— Task prompt —
Repeat the records below exactly as they appear, leaving out any pictures.

— Data to process —
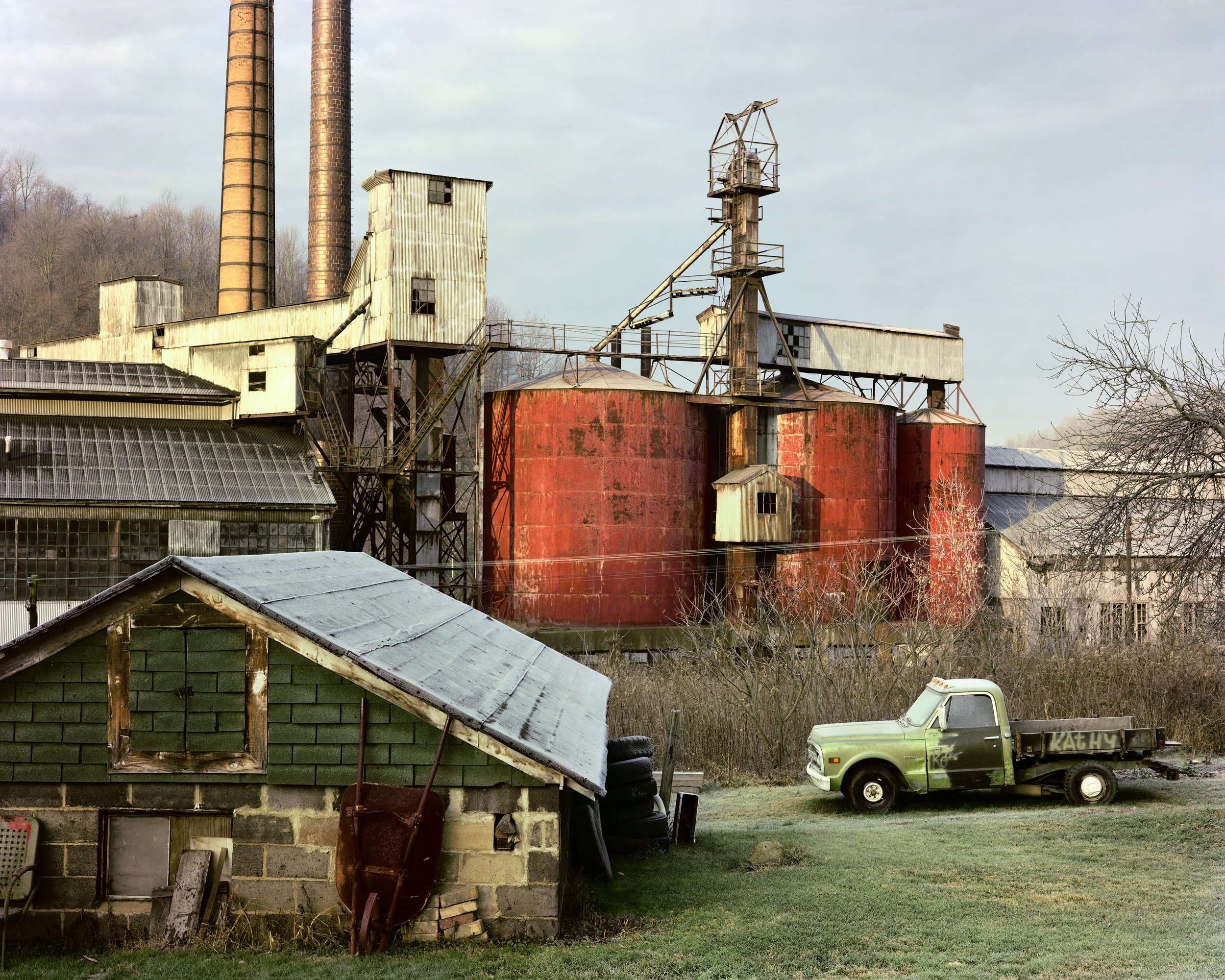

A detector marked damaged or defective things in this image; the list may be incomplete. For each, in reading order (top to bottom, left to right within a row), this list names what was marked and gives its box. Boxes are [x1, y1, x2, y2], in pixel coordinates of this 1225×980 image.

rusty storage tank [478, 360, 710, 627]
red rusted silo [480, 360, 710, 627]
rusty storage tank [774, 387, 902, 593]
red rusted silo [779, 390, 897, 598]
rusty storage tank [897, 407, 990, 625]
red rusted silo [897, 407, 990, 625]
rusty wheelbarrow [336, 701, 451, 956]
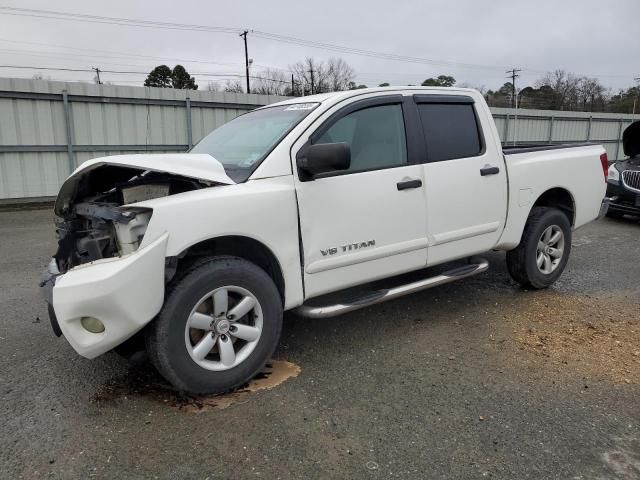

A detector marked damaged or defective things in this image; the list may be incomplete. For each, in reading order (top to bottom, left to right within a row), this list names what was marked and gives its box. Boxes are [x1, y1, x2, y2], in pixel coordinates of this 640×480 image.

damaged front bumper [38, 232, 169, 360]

— Result below —
A detector marked damaged or defective things in this image; the list may be incomplete. For each, in reading order (top to bottom, left to right within a row), this list names what was marked and gives its box. Boxes are [x1, y1, x2, y2], in pixel coordinates of this 1225×980 image.

rusty storage tank [478, 360, 710, 627]
red rusted silo [480, 360, 710, 627]
rusty storage tank [774, 387, 902, 593]
red rusted silo [779, 390, 897, 598]
rusty storage tank [897, 407, 990, 625]
red rusted silo [897, 407, 990, 625]
rusty wheelbarrow [336, 701, 451, 956]

A detector marked damaged or defective things in this image; the list may be incomplete. For each, in reading order (top to bottom, left to right within a row), this list names what was marked and gives its box. Boxes are [x1, y1, x2, y2], in pixel coordinates of this 640×480 image.

damaged front bumper [38, 232, 169, 360]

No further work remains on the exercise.